• **EXTRACTED MATERIAL**
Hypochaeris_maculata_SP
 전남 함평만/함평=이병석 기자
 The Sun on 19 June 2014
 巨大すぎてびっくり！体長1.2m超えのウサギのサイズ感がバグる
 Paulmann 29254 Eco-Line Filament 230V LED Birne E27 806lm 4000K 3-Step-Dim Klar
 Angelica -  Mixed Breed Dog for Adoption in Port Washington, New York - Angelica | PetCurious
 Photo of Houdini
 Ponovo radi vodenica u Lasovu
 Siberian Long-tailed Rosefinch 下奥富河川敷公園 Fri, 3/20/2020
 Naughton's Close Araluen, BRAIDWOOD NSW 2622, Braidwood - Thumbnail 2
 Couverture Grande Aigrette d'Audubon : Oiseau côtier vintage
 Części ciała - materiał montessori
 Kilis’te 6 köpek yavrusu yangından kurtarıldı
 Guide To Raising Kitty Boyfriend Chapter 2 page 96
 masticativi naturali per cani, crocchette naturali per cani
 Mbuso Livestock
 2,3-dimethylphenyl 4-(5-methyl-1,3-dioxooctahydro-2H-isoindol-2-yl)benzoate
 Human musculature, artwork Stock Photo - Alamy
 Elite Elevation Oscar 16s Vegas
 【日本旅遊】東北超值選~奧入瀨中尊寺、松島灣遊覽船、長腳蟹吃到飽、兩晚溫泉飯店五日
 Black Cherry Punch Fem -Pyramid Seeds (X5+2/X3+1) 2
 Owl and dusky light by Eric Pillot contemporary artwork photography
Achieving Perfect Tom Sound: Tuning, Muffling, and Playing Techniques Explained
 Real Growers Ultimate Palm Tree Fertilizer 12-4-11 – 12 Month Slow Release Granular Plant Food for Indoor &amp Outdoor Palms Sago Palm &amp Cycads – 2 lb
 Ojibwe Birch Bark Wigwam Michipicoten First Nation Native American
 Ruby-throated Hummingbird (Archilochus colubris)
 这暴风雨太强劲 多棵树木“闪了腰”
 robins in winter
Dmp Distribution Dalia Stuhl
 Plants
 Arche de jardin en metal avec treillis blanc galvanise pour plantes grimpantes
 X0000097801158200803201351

• **TASK BRIEF**
Please state how many lines in the listing contain the string "artwork", and give nothing besides that number.

• **OUTPUT FOR THIS TASK**
2